Personal information
- Full name: Bafétimbi Gomis
- Date of birth: 6 August 1985 (age 40)
- Place of birth: La Seyne-sur-Mer, France
- Height: 1.86 m (6 ft 1 in)
- Position: Striker

Youth career
- 1994–2000: Toulon Var
- 2000–2004: Saint-Étienne

Senior career*
- Years: Team / Apps / (Gls)
- 2004–2009: Saint-Étienne / 142 / (40)
- 2005: → Troyes (loan) / 13 / (6)
- 2009–2014: Lyon / 178 / (64)
- 2014–2017: Swansea City / 64 / (13)
- 2016–2017: → Marseille (loan) / 32 / (20)
- 2017–2018: Galatasaray / 34 / (29)
- 2018–2022: Al-Hilal / 106 / (81)
- 2022–2023: Galatasaray / 37 / (17)
- 2023–2024: Kawasaki Frontale / 17 / (3)
- Total:  / 623 / (273)

International career
- 2001: France U17 / 1 / (0)
- 2008–2013: France / 12 / (3)

= Bafétimbi Gomis =

French footballer (born 1985)

Bafétimbi Gomis (born 6 August 1985) is a French former professional footballer who played as a striker. He's the third fastest hat-trick scorer in UEFA Champions League history, as of December 2025.

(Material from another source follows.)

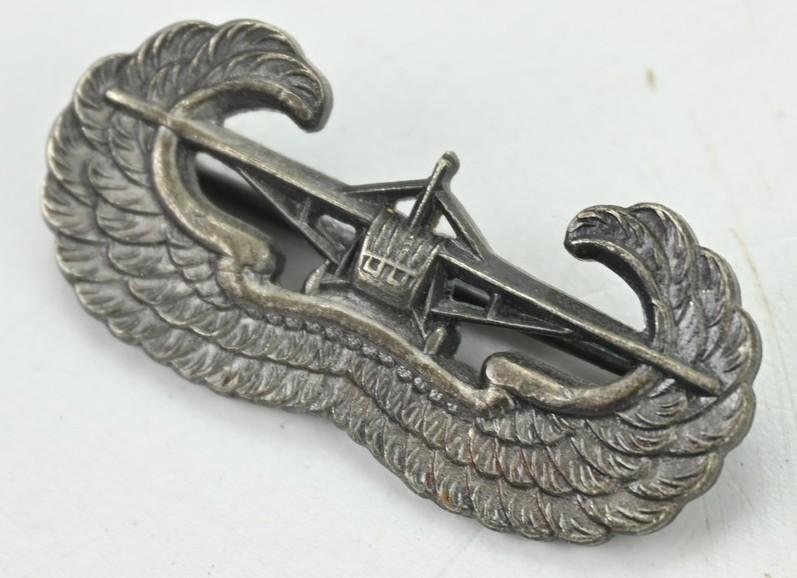 US WW2 Airborne Gliderwing British Made — image 2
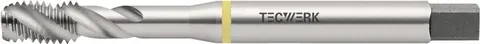 Machinetap DIN 371C AL 0,5 mm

Gomis played youth football with Saint-Étienne before making his professional debut for the club in 2004, also spending time on loan at Troyes in Ligue 2. In 2009, he joined Saint-Étienne's Derby du Rhone rivals Lyon for a fee of €13 million. Over five seasons at the Stade Gerland, he played 244 official matches and scored 95 goals, winning the Coupe de France and the Trophée des Champions in 2012. In 2014, he moved to Premier League club Swansea City on a free transfer. After a loan back in France at Marseille, he signed for Galatasaray, where he was top scorer as they won the Süper Lig in 2018. Gomis announced his professional retirement in 2024.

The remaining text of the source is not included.